問題は、 構造外要求が 「善意」で 持ち込まれる点にあります。 断ることが 冷たく見え、 対応することが 評価されやすい。 しかし、 構造が対応できない要求を 処理することは、 長期的には 全体を弱らせます。

内部摩耗が進んだ組織では、 判断の基準が 人に依存します。 誰が頑張るか、 誰が引き受けるか。 この属人化は、 構造が要求を 処理できていない 証拠です。

構造外要求を 検出する一つの指標は、 「それは誰の責任か」 と問われたときに 答えが揺れるかどうかです。 責任の所在が 曖昧な要求は、 構造に収まっていません。

構造が健全に 機能している場合、 要求は自然に 振り分けられます。 処理できるものは進み、 処理できないものは 対象外として整理されます。 この整理が 行われていないと、 摩耗が始まります。

構造外要求を 排除することは、 拒絶ではありません。 今の構造では 扱えないと 認識することです。 この認識があって 初めて、 構造を変えるか、 要求を下ろすかの 判断が可能になります。

構造を変えずに 要求だけを増やすと、 内部摩耗は加速します。 逆に、 要求を精査せずに 構造だけを 強化しても、 歪みは解消されません。 重要なのは、 要求が構造に 収まっているかを 常に確認することです。

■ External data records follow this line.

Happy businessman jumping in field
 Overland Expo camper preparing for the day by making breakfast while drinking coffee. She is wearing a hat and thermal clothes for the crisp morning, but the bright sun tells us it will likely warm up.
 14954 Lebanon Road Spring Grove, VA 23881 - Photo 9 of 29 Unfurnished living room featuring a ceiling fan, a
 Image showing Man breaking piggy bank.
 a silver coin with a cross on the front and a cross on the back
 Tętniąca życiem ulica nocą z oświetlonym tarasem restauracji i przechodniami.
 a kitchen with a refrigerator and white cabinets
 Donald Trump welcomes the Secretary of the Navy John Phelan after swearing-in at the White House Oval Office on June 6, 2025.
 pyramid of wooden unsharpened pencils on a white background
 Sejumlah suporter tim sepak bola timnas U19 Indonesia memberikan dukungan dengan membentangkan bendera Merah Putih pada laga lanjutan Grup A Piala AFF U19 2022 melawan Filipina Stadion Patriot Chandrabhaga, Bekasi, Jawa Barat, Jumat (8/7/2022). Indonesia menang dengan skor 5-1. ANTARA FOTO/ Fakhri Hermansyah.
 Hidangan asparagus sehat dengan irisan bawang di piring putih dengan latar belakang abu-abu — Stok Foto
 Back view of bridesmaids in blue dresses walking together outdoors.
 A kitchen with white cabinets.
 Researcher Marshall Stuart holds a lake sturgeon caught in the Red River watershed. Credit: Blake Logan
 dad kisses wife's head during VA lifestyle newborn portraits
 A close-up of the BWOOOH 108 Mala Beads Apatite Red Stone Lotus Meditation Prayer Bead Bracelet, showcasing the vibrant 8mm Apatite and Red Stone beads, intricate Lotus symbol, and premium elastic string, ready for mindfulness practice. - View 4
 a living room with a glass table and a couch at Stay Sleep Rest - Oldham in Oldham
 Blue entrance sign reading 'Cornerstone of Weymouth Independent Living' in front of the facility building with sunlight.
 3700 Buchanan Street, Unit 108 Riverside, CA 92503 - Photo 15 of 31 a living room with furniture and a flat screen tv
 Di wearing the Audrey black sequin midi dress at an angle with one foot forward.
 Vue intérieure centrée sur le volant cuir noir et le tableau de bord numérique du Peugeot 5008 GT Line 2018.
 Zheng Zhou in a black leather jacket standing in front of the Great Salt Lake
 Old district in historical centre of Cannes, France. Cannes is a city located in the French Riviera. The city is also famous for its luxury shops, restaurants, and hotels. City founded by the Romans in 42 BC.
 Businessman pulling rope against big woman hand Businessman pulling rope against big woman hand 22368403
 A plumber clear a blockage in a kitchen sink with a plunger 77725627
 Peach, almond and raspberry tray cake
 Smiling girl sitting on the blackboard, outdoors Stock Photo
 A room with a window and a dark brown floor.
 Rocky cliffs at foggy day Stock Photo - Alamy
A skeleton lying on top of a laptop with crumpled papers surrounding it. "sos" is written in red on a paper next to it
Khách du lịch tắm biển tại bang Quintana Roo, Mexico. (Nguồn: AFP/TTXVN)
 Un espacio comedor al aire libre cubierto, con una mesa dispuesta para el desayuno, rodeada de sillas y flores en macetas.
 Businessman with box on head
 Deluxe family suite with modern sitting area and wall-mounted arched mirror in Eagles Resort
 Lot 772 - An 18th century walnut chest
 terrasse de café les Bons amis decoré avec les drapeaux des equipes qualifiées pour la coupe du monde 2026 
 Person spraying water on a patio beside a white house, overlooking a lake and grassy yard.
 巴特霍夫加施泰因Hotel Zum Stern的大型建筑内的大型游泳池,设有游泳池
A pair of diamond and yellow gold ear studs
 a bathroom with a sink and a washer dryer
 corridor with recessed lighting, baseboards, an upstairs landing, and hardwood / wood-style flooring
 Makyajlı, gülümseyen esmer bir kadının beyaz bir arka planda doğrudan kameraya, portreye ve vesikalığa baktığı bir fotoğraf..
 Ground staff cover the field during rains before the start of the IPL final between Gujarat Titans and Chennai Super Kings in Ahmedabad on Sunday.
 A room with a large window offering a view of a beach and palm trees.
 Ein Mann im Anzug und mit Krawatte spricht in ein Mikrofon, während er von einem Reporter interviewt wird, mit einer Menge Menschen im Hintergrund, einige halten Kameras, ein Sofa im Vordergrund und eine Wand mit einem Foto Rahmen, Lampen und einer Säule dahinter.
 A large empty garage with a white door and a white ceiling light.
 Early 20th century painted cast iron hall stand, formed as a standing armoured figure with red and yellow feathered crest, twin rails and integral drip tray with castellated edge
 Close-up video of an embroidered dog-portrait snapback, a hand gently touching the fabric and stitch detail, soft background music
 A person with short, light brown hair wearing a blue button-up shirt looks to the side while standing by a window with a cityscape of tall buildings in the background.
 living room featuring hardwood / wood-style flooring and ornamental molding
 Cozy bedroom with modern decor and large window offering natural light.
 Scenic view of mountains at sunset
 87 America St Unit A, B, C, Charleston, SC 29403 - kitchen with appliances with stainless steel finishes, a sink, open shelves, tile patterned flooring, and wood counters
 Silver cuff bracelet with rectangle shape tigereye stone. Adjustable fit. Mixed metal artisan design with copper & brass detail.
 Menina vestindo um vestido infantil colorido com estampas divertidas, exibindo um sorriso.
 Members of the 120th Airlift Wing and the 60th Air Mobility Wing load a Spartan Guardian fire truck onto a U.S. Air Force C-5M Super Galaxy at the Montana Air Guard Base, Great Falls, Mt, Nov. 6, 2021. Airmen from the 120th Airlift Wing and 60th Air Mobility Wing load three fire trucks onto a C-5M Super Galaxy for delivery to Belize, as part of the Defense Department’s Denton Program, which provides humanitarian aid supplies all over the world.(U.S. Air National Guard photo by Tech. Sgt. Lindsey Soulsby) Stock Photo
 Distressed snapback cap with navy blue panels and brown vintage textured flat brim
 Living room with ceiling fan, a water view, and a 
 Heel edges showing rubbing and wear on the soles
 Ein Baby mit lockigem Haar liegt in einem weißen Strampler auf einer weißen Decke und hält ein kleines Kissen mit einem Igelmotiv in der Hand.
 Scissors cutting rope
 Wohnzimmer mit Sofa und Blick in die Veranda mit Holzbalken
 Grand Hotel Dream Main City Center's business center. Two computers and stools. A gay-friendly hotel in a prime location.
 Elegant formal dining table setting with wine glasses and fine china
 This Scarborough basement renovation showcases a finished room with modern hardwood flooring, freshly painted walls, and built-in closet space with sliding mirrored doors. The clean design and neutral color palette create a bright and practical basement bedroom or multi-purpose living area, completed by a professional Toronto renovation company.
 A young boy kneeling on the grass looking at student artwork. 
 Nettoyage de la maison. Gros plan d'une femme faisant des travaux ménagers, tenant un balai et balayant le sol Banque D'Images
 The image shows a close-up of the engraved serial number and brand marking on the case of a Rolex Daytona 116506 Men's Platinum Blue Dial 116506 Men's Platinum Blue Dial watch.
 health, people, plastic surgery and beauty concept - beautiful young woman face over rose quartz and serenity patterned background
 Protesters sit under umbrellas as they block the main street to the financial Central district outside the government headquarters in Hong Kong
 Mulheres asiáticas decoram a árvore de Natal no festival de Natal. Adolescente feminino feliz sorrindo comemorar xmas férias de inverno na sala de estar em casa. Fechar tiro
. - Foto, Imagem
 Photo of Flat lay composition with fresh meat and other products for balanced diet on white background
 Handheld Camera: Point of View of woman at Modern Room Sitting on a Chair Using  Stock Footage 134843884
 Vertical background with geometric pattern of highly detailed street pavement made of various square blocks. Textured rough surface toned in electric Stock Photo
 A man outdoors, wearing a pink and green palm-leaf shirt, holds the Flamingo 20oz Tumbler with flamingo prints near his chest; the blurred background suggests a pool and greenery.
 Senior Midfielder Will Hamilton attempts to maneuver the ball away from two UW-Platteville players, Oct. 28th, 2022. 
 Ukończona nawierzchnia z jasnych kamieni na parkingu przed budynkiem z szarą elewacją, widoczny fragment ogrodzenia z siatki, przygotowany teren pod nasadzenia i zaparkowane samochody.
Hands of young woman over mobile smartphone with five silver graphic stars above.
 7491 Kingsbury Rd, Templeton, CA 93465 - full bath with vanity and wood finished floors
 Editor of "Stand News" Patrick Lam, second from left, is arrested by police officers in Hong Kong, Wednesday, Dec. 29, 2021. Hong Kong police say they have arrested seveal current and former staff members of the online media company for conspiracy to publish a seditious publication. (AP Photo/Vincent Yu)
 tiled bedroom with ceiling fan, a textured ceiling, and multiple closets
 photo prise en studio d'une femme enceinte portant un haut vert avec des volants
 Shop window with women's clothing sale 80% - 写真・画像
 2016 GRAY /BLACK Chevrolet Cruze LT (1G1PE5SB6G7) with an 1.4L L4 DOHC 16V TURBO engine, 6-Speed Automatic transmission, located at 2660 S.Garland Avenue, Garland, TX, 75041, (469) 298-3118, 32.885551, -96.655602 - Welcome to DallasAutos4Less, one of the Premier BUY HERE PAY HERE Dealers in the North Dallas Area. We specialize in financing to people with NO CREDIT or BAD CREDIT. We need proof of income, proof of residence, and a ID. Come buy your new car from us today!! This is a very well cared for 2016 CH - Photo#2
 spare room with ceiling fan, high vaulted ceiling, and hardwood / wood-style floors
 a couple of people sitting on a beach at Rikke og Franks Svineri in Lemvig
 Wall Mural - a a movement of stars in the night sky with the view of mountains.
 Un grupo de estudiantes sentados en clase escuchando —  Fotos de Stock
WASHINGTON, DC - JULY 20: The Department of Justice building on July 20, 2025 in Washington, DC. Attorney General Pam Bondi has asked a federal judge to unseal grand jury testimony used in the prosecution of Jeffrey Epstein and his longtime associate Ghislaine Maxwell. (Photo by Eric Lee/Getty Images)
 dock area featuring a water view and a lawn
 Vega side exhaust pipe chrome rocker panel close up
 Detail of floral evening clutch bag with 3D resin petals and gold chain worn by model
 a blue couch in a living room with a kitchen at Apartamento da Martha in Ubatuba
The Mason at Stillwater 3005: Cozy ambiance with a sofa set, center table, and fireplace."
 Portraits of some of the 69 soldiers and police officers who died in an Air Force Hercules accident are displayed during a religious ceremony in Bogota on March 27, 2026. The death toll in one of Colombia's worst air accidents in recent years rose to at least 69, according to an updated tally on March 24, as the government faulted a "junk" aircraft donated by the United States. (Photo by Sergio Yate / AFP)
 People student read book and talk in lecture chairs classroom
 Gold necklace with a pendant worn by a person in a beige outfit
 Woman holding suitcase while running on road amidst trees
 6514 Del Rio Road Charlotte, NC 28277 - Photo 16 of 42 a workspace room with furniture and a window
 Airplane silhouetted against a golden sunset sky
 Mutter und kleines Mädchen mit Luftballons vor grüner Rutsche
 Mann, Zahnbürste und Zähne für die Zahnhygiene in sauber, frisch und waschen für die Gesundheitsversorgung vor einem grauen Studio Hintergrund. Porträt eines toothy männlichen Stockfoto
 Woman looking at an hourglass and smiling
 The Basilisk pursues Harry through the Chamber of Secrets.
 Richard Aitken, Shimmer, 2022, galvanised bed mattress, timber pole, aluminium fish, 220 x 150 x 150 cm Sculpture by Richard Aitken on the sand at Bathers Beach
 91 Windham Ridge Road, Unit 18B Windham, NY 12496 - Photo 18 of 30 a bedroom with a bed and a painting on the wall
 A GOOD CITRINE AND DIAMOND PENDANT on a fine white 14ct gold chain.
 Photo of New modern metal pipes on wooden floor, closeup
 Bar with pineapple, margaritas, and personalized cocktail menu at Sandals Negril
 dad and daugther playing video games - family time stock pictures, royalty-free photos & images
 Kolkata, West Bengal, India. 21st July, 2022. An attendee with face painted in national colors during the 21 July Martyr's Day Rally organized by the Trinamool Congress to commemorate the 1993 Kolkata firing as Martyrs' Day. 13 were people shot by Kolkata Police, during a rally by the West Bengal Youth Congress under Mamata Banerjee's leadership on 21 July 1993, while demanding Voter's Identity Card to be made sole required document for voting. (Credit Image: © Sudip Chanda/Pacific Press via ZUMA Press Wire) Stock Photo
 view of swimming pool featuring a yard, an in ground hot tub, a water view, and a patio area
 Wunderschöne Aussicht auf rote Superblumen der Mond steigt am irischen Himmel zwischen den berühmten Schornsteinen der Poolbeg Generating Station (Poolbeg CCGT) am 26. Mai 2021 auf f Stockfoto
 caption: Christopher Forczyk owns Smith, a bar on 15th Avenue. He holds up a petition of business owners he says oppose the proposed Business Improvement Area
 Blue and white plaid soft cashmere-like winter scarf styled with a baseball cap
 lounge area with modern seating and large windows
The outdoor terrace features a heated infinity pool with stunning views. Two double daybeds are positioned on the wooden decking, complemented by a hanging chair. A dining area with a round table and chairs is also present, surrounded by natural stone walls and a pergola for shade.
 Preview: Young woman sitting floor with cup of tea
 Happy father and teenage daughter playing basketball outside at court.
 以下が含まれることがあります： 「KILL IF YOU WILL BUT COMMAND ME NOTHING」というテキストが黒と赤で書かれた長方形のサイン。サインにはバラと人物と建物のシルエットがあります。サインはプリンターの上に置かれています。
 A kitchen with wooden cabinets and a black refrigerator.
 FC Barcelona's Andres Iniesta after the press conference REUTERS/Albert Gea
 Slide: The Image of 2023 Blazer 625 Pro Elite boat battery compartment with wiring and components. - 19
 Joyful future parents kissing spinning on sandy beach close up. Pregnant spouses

構造が許容しない要求は、 成果を生みません。 ただ、 内部を削ります。 この削れは 短期では見えませんが、 判断力や持続力として 確実に 失われていきます。

構造を守るとは、 要求を 無条件に 受け入れないことです。 構造外要求を 見極め、 摩耗を生む前に 整理する。 この順序を守る限り、 組織は静かに、 しかし確実に 機能し続けます。